Malik’s ties, in particular, have been of much fascination to his fans and detractors alike. Come hail or sunshine, suicide attacks or Senate sessions, Malik’s ties often appear to be a reflection of the mood of the government. A bright green tie indicates a sense of patriotism and a red one, a sense of joy.

Now that the interior minister has joined the microblogging website Twitter, fans of his ties have had the chance to ask him about his collection personally.

One Twitter user had a request. “Please change your display picture to one with a green tie (baby pink acceptable too). Many people want this,” while another asked, “Can you please recommend the brand of your fabulous neck ties?”

Malik responded, writing, “Thank you for appreciating my tie collection.” As of filing this report, he has not changed his display picture to one with a green - or a baby pink - tie.

Female politicians are no strangers to the plethora of high-end designers in Pakistan.

The Pakistan Muslim League (Q)’s Marvi Memon, who is a Member of the National Assembly, cites Sonya Battla as one of her favourite designers, while Sherry Rehman, who prefers to wear kurtas during the day, has been photographed in Rizwan Beyg outfits for more formal events. When Imran Khan joined politics, he swapped cricketing whites for white kurta shalwars.

Sharmila Farooqui, who is an adviser to the Sindh chief minister, attended Fashion Pakistan Week this April and is occasionally seen at fashion events.

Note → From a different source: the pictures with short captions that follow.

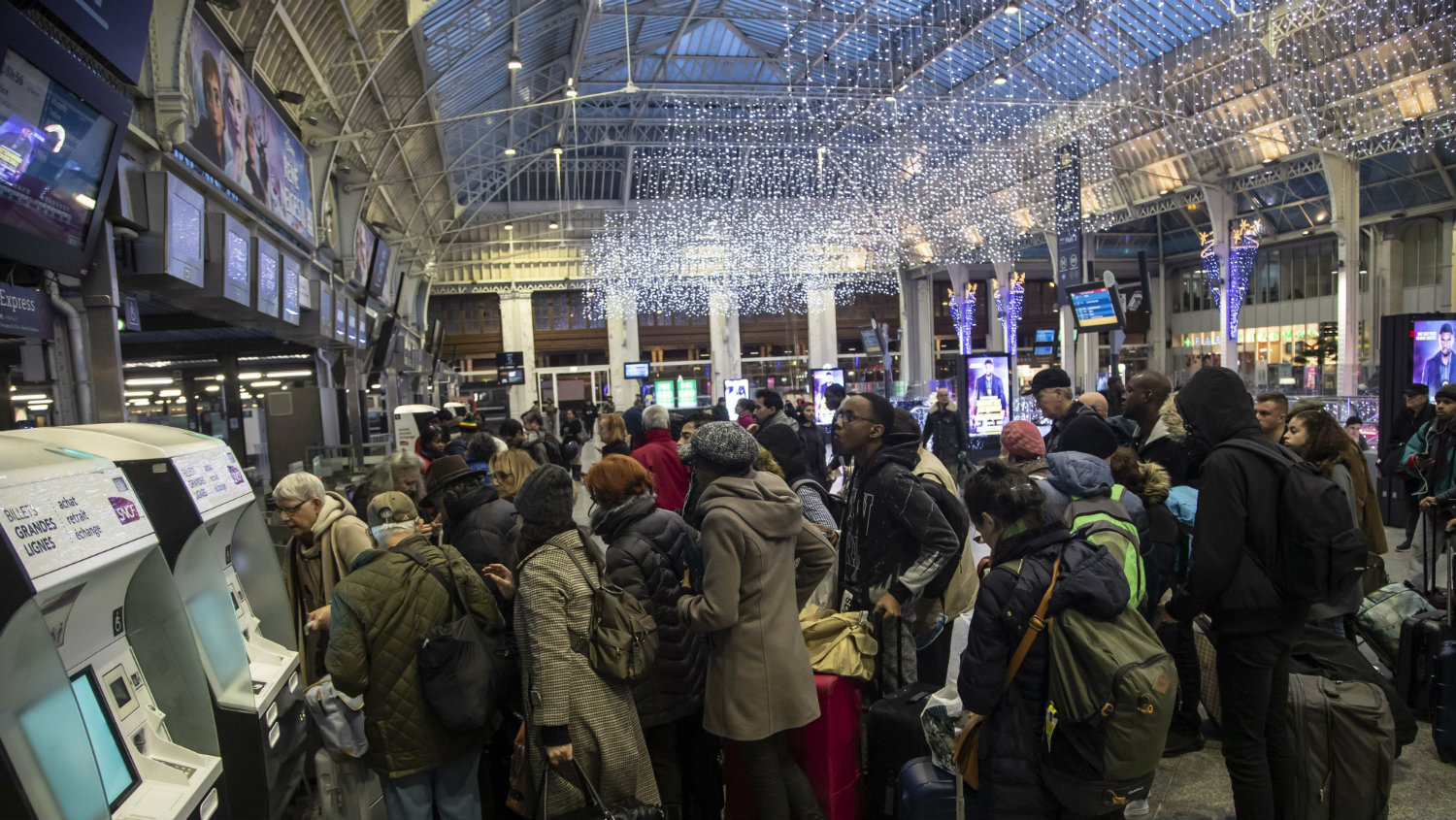 Više hiljada ljudi na demonstracijama u Parizu 1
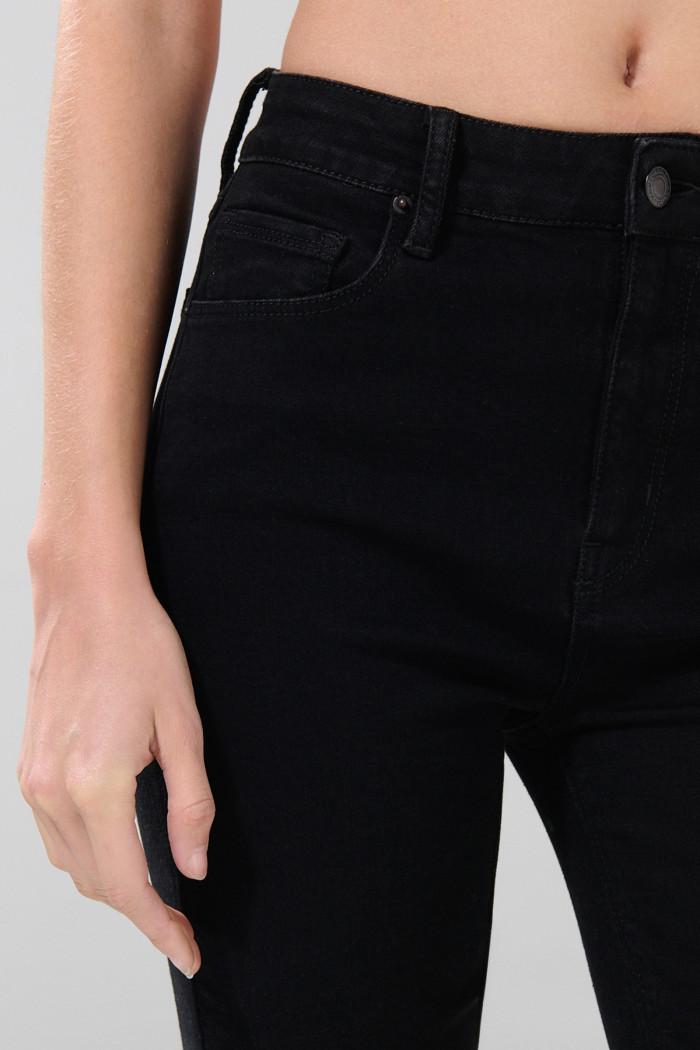 Jean negro mom con súper tiro alto, bolsillos y bota recta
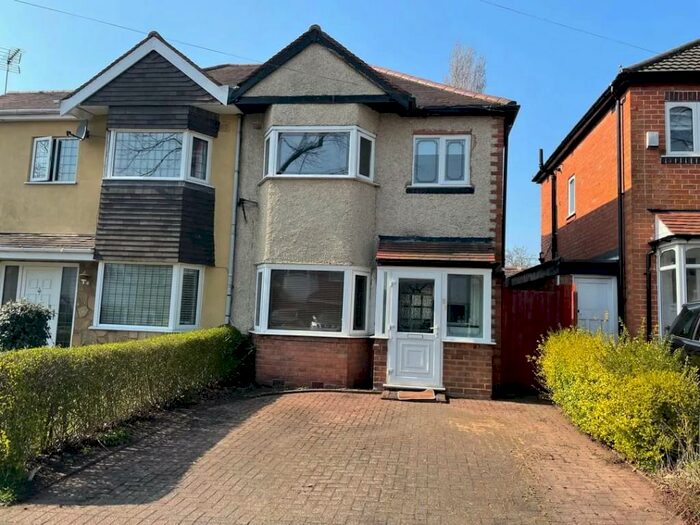 3 Bedroom Semi-Detached House To Rent In Marshall Grove, Birmingham, B44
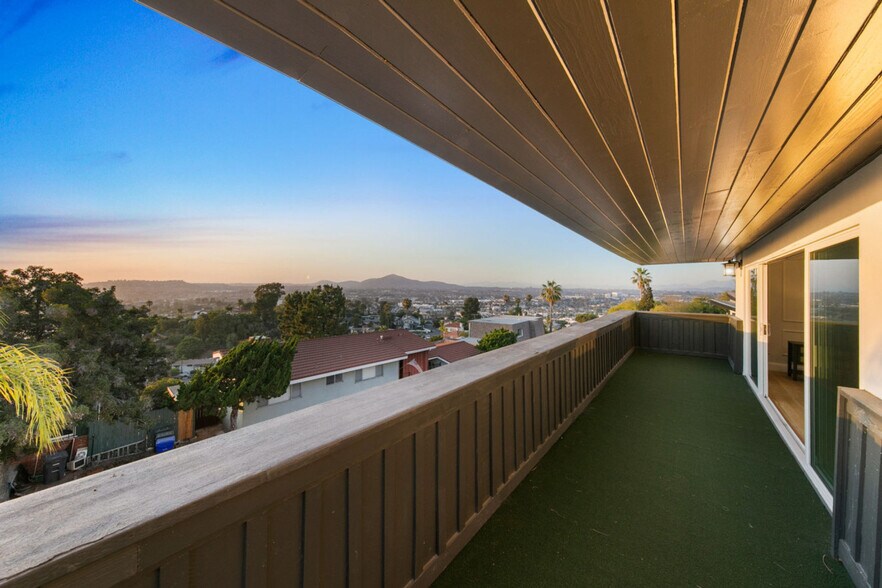 Building Photo - 4367 Summit Dr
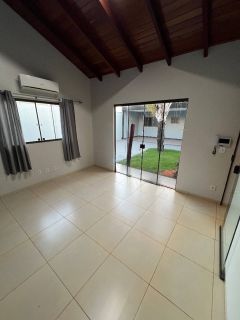 Casa ampla e moderna à venda no bairro Santo André – Dourados/MS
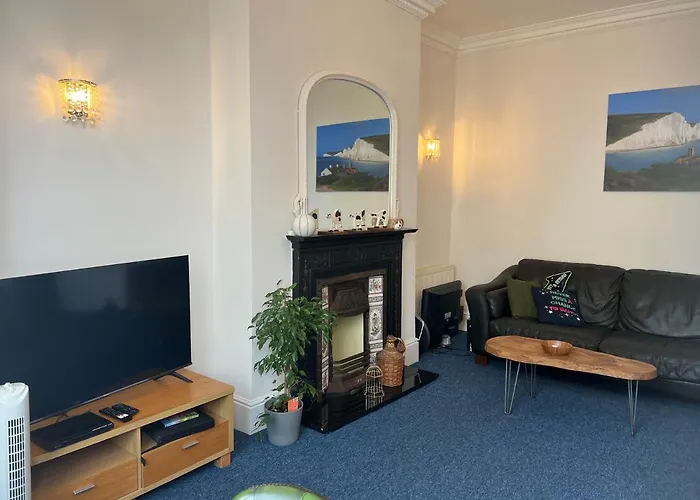 One Queens Gardens, Sea View Apartment, Eastbourne.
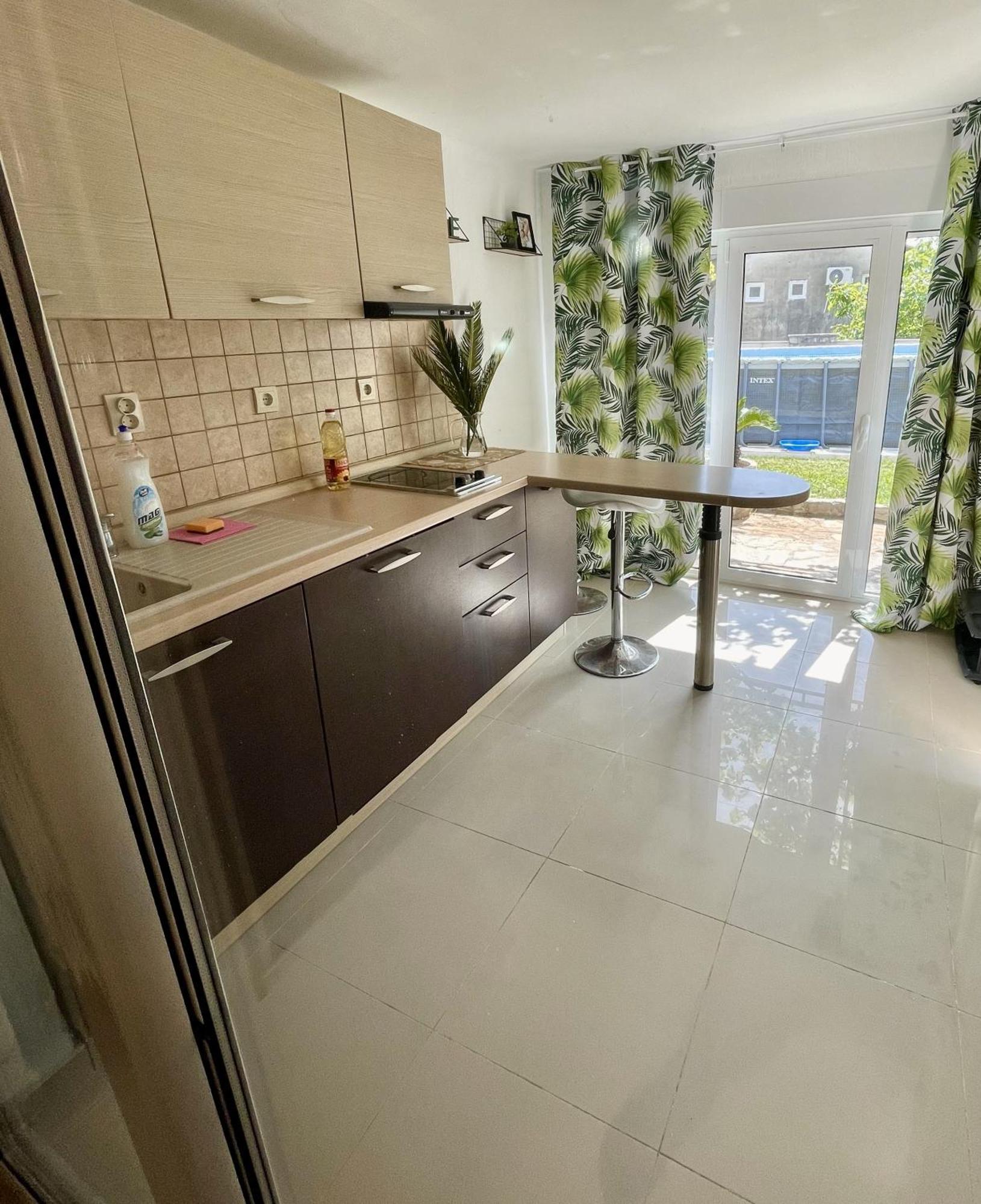 Aparthotel Family House With Pool & Sea View Bijela Esterno foto
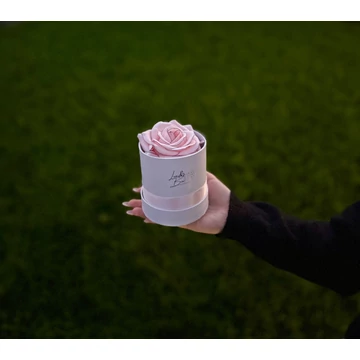 Rózsa Box 1 szál rózsaszín átmenetes szappanrózsából 10 cm Rózsa Box 1 szál rózsaszín átmenetes szappanrózsából 10 cm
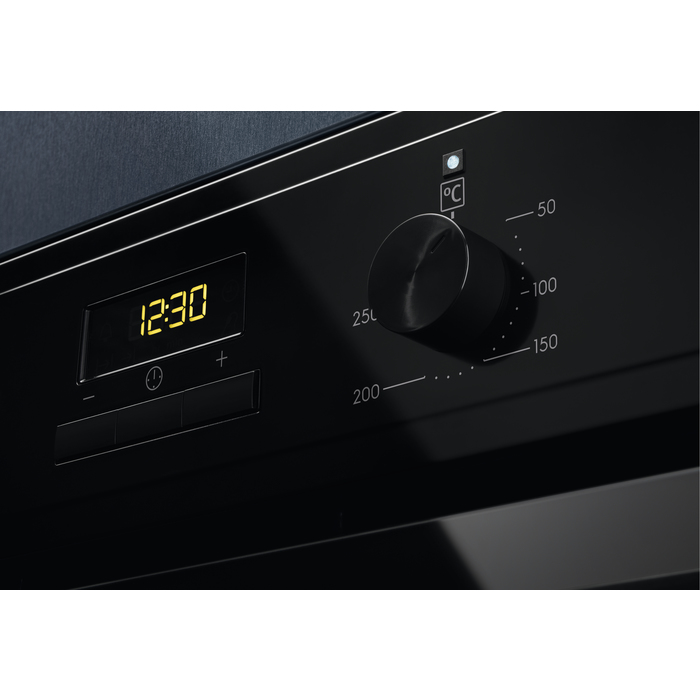 Electrolux EOH3C01BK 65 L Black – image 6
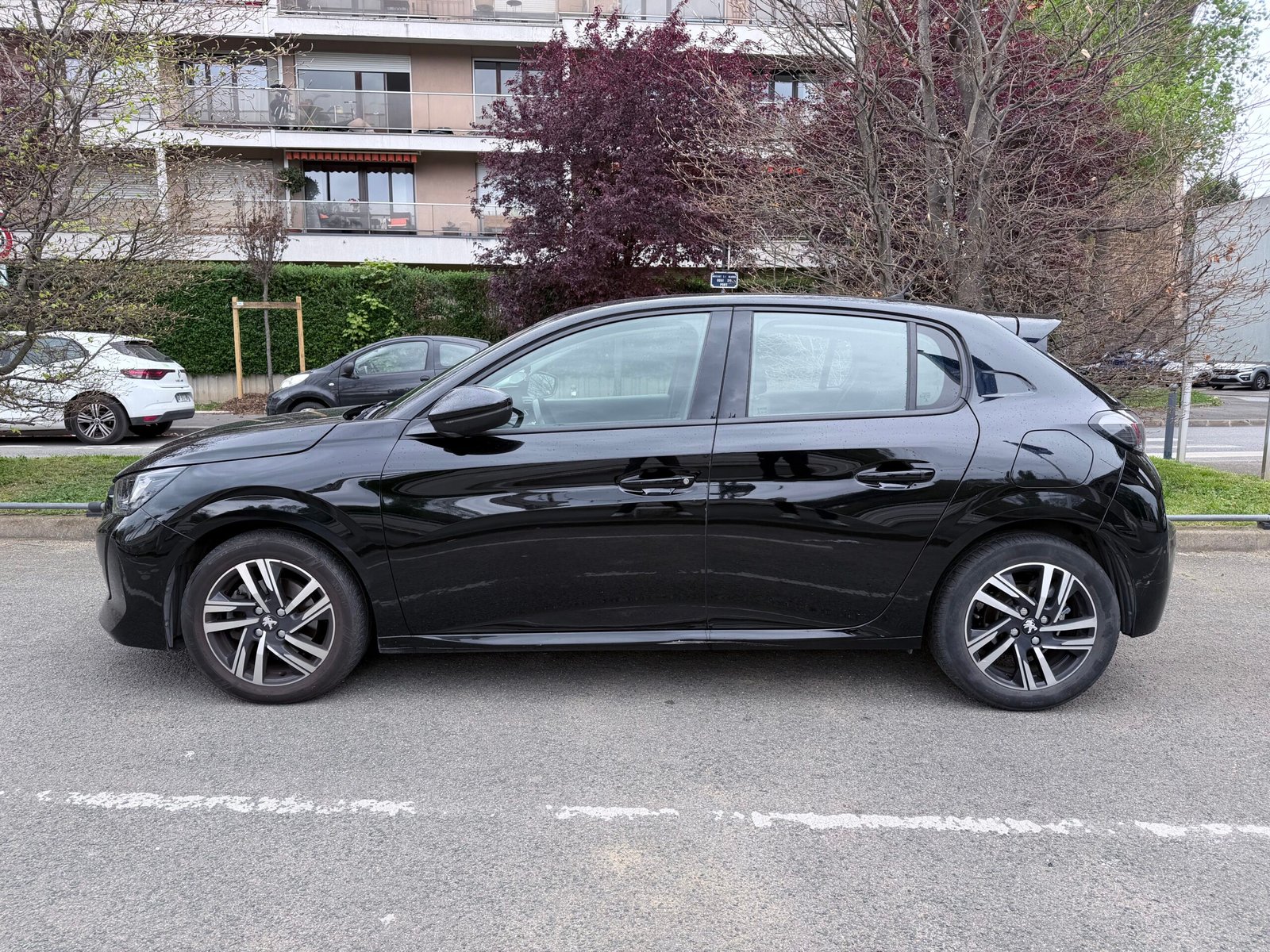 Peugeot 208 allure boîte automatique 1.2 essence 130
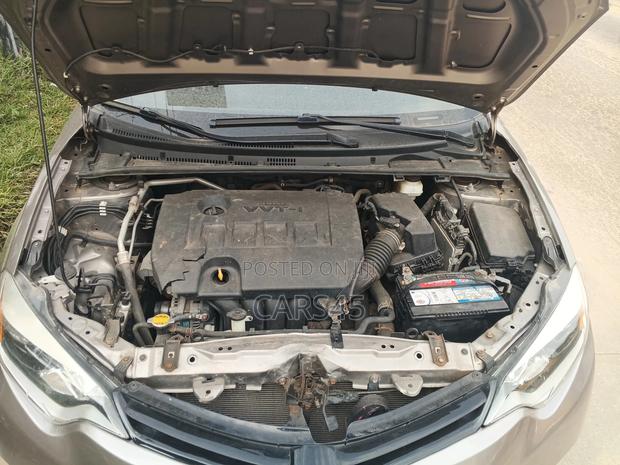 Toyota Corolla 2015 Gray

Unfortunately, there is no barometer to judge whether the style statements of currentday politicians has influenced Pakistani men and women. But while local politicians have yet to become fashionistas in their own right, in the way that US First Lady Michelle Obama has, at least they are not sporting the lurid colours and ill-fitting clothes that dominated so many years of front-page stories.

Published in The Express Tribune, May 30, 2010.